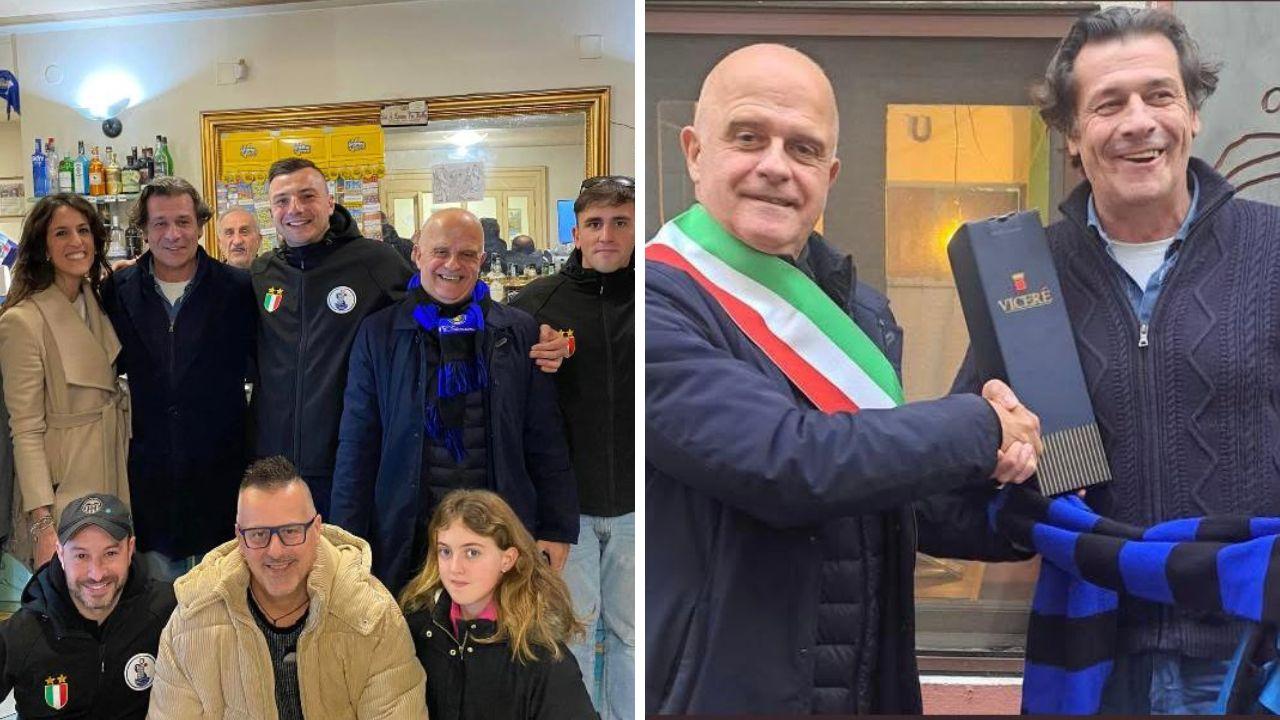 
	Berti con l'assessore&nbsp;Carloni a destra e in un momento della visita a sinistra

- - -

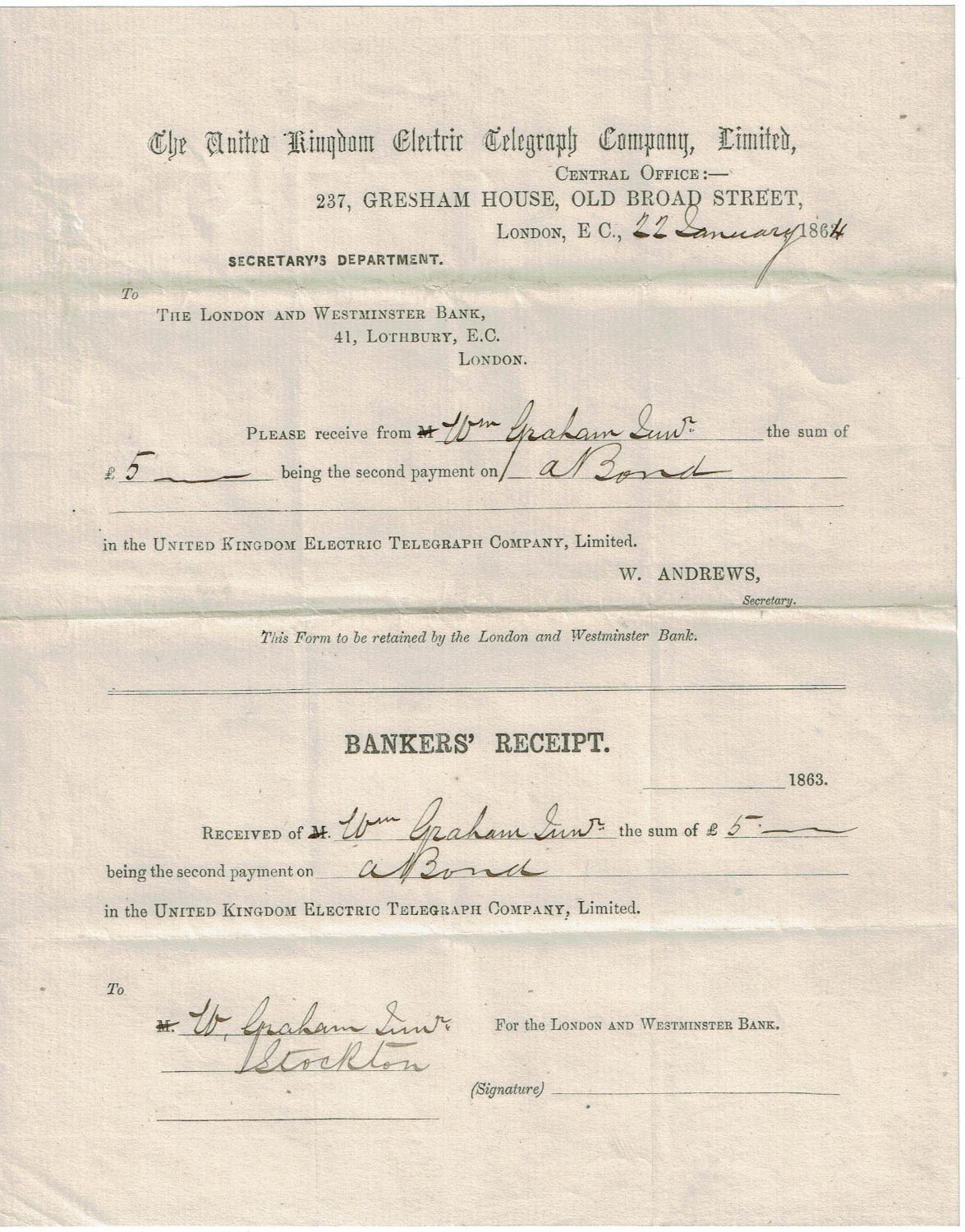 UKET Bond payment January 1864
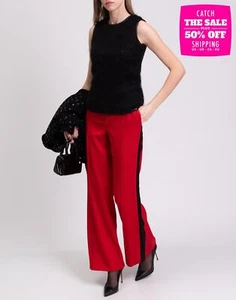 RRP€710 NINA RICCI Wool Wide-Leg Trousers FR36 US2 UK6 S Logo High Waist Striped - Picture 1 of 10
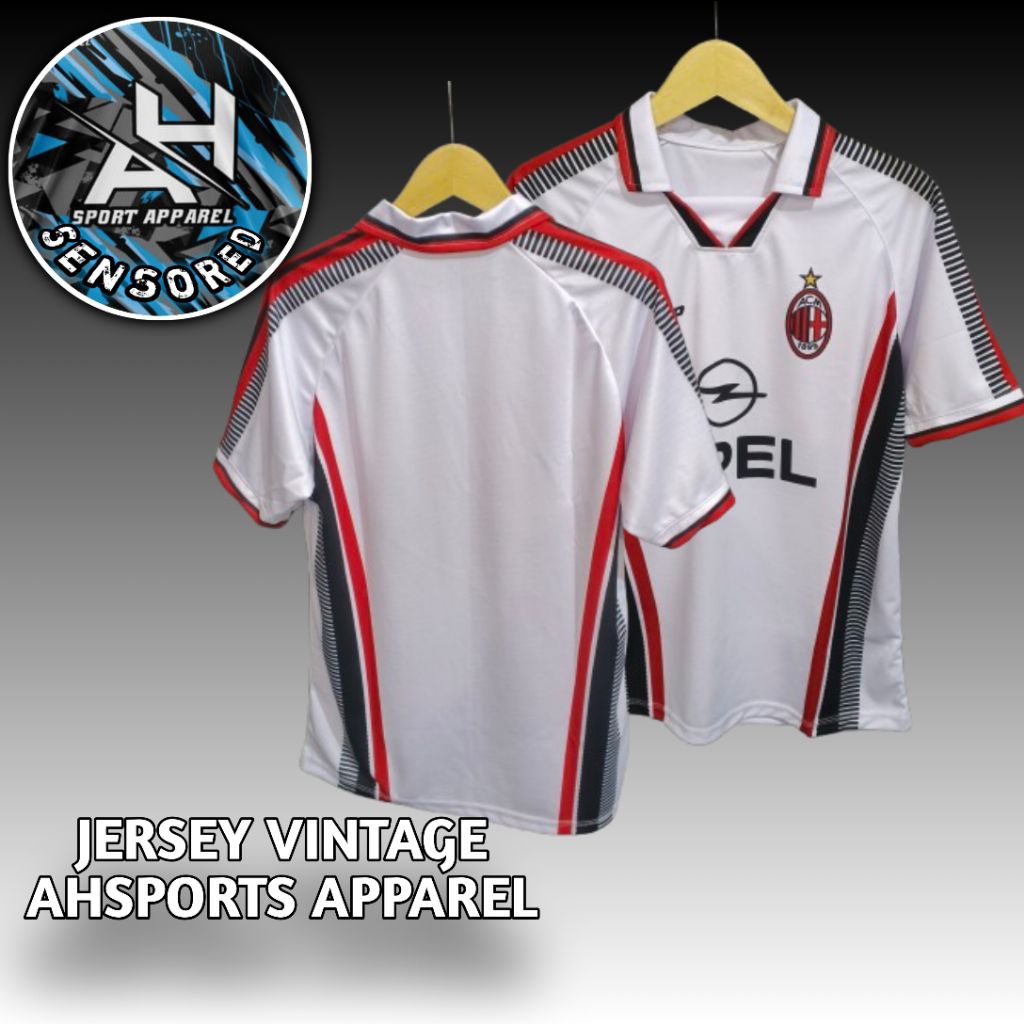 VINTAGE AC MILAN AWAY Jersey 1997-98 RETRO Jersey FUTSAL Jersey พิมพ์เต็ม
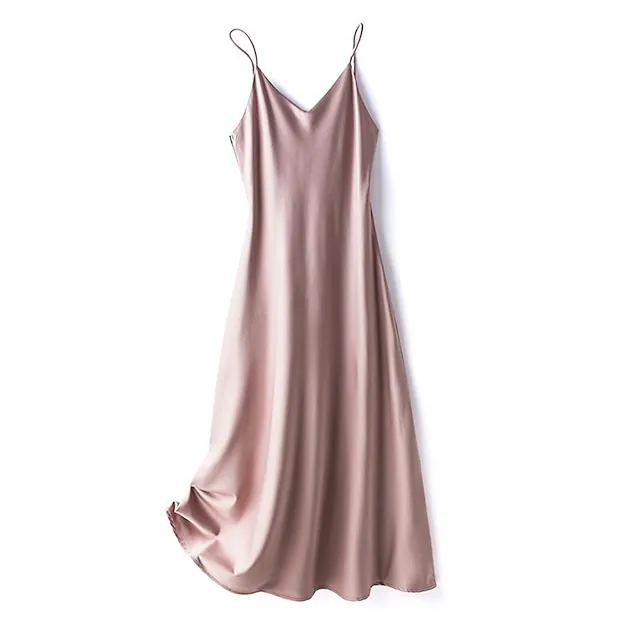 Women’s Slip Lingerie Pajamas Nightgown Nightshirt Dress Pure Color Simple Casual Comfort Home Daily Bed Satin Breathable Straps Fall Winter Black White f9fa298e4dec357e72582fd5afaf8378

- - -

» REQUIRED ACTION
Pictures excluded, give again exactly and only the lines of the material above from the line with "VINTAGE AC MILAN" through the line with "Women’s Slip Lingerie".

» SOLUTION
 VINTAGE AC MILAN AWAY Jersey 1997-98 RETRO Jersey FUTSAL Jersey พิมพ์เต็ม
 Women’s Slip Lingerie Pajamas Nightgown Nightshirt Dress Pure Color Simple Casual Comfort Home Daily Bed Satin Breathable Straps Fall Winter Black White f9fa298e4dec357e72582fd5afaf8378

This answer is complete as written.